§ EXERCISE GOAL: Please reproduce the lines of the records below from the one holding "Floor plan One Bedroom Large" through the one holding "GUSTO [48 Sets", inclusive, skipping all pictures.

§ EXERCISE DATA:
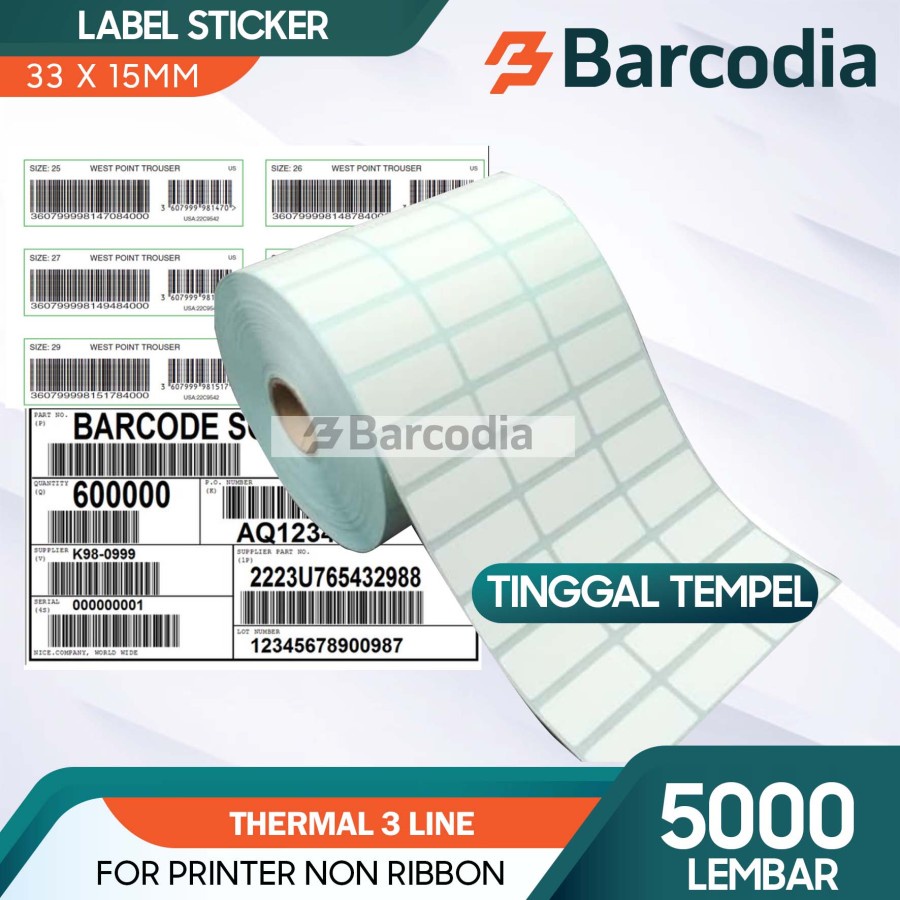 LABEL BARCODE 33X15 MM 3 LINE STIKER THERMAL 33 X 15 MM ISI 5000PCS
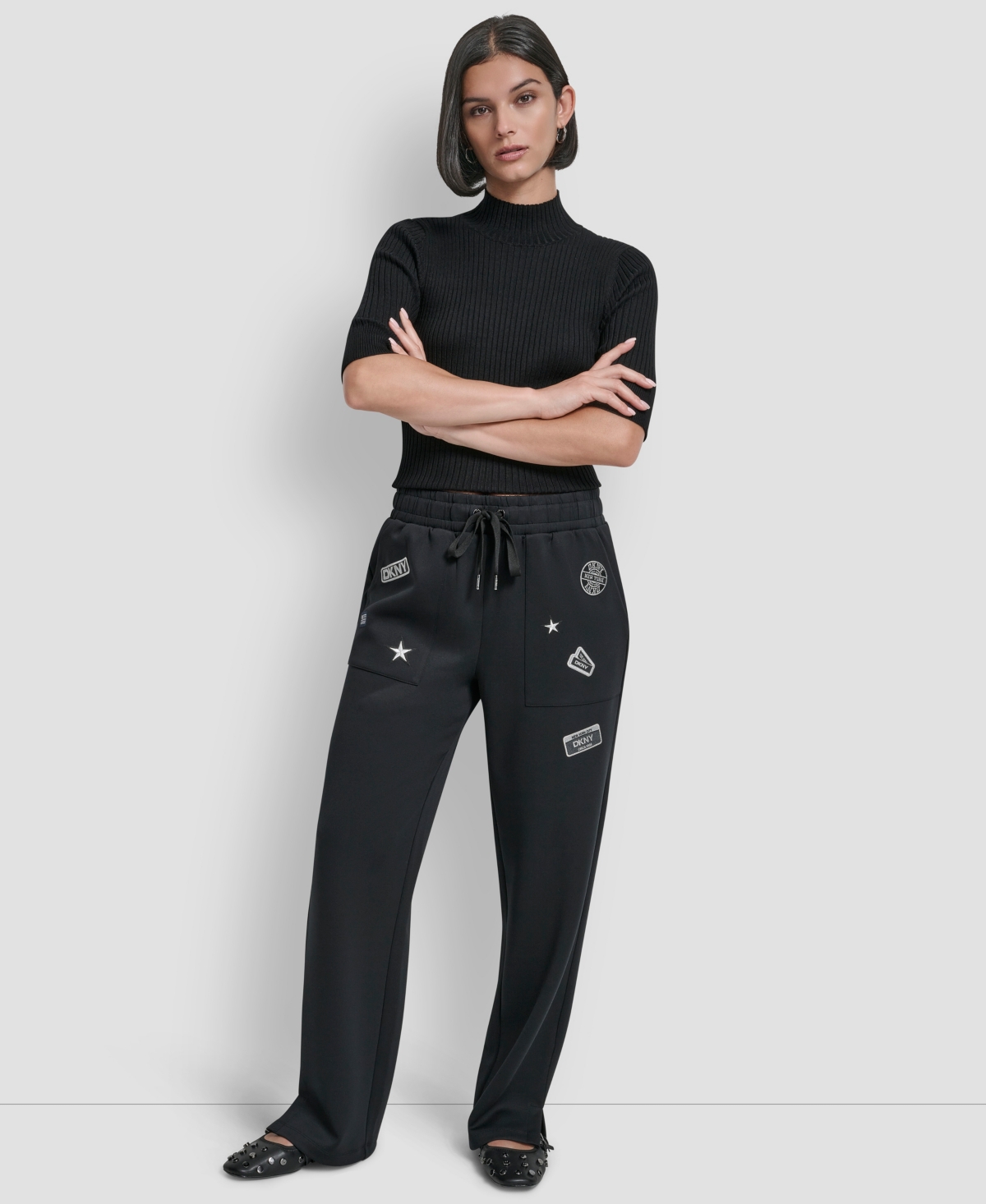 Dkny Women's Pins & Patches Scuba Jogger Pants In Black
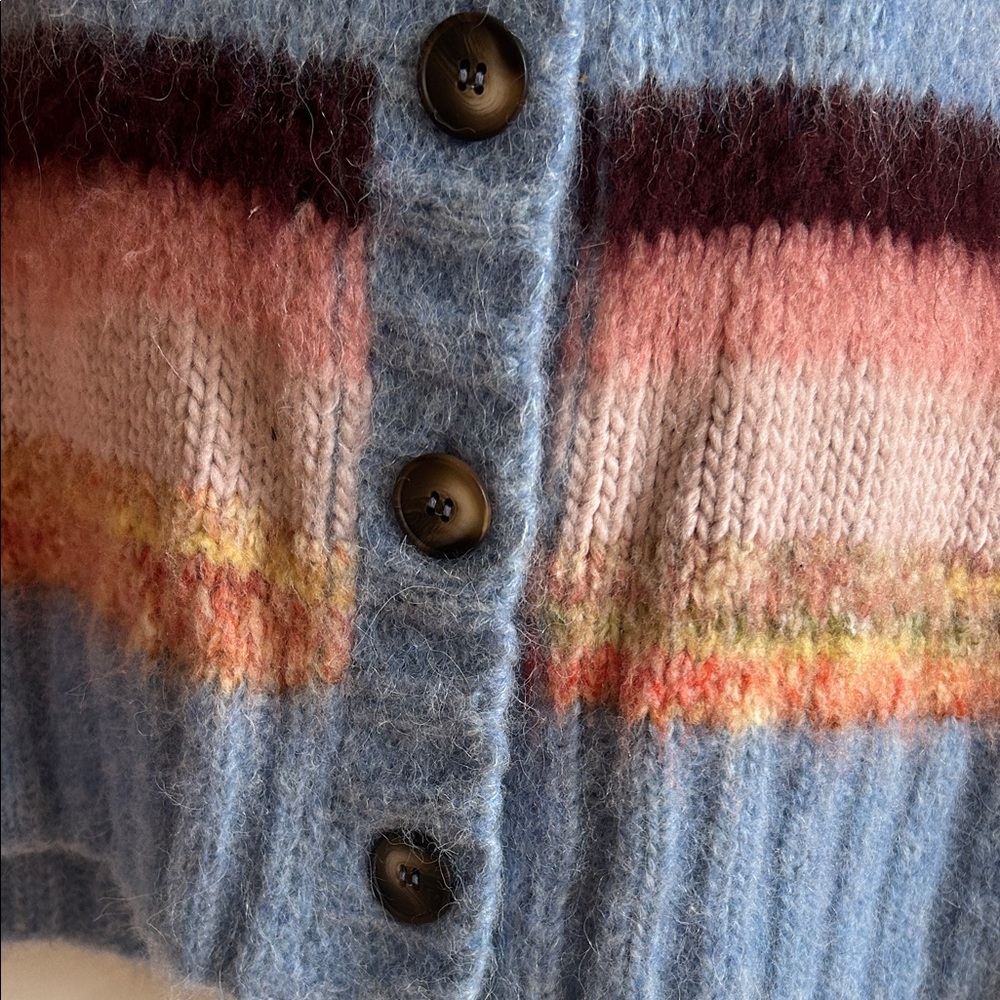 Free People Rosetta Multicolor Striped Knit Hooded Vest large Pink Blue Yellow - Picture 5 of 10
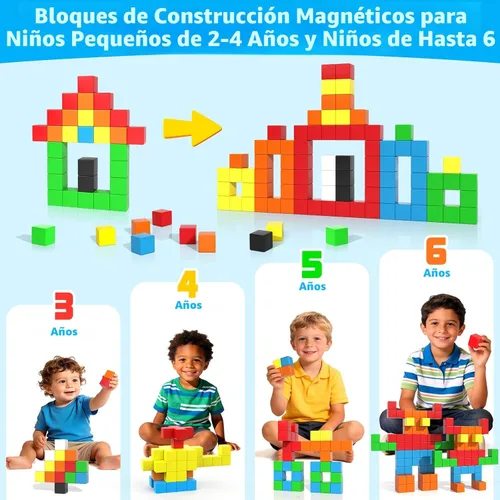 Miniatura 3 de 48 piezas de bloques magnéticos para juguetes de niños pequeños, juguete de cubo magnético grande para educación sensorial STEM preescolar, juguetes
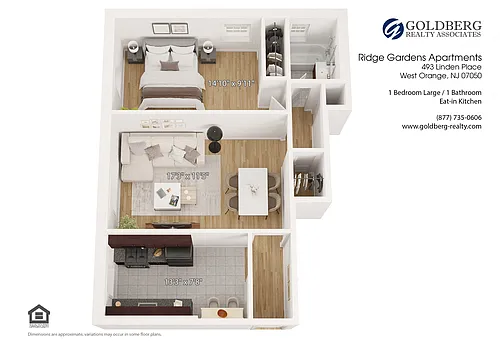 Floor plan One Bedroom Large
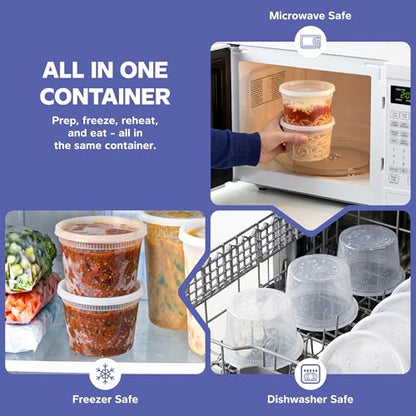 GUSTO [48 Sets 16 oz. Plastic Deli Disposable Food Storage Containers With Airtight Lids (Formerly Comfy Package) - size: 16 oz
* * *
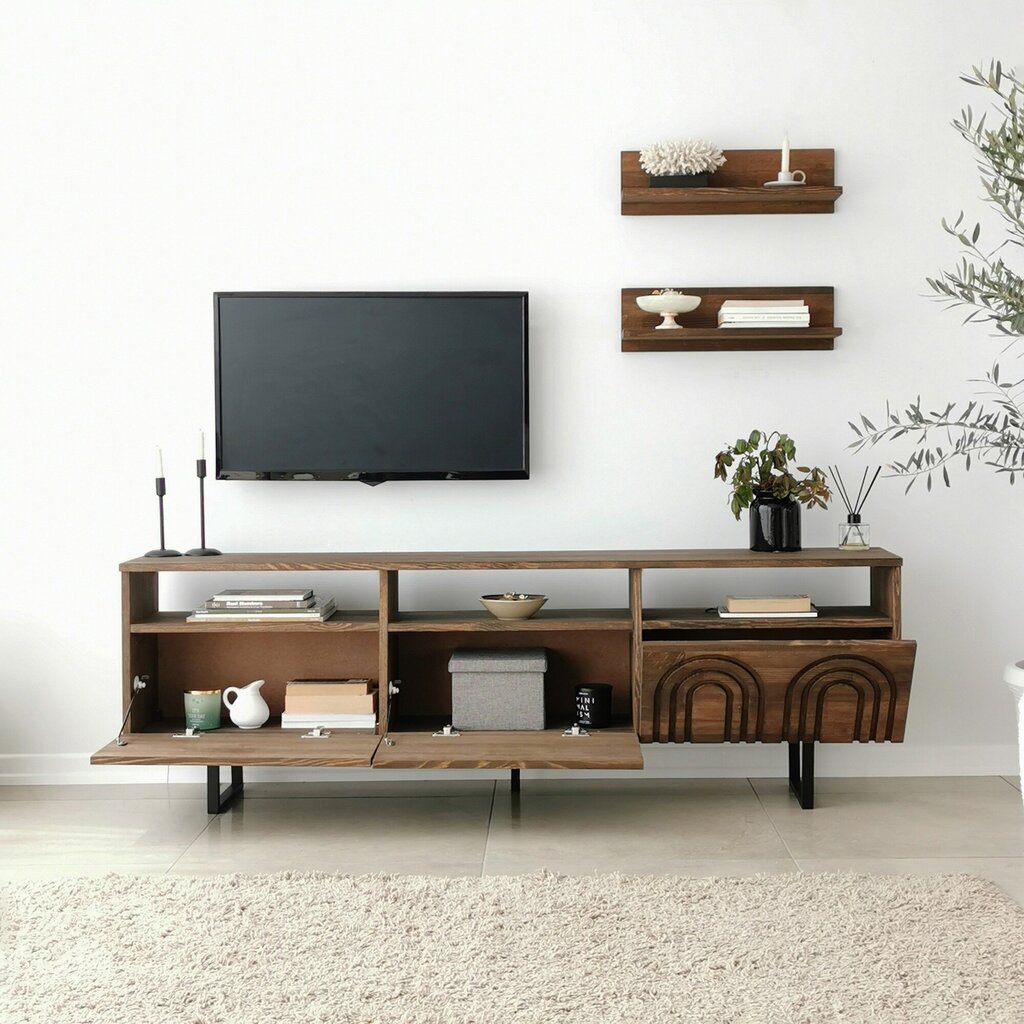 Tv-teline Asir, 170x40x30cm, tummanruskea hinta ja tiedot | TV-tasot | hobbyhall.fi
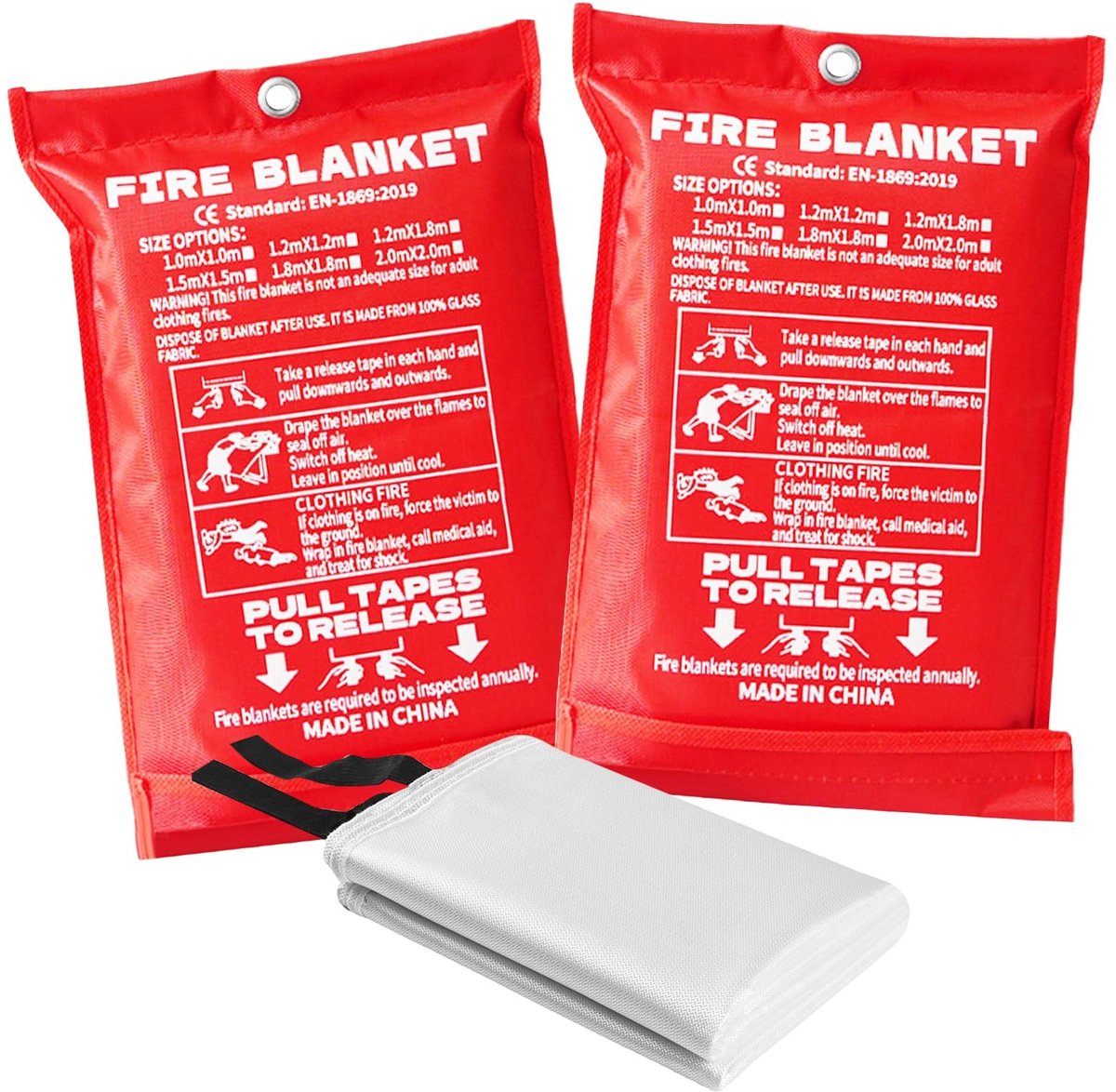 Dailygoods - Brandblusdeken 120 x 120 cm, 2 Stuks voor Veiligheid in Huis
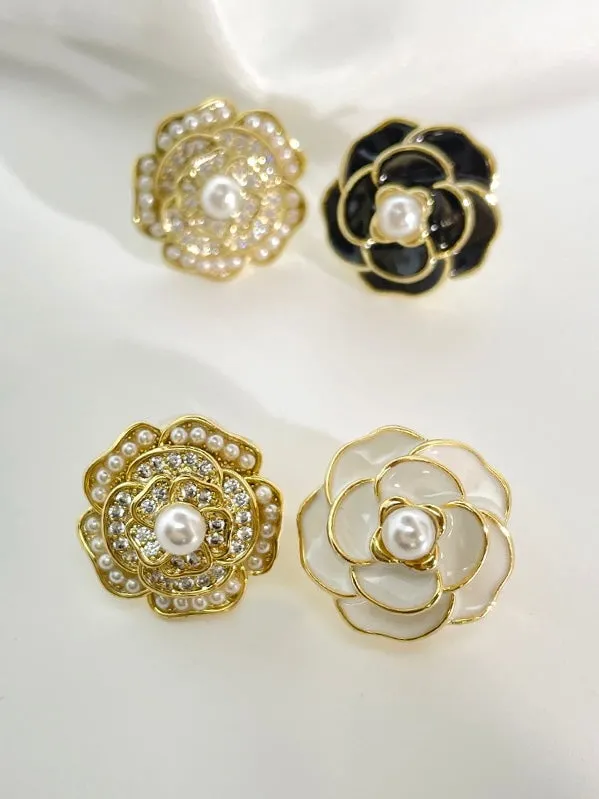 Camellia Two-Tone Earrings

§ EXERCISE RESPONSE:
 Floor plan One Bedroom Large
 GUSTO [48 Sets 16 oz. Plastic Deli Disposable Food Storage Containers With Airtight Lids (Formerly Comfy Package) - size: 16 oz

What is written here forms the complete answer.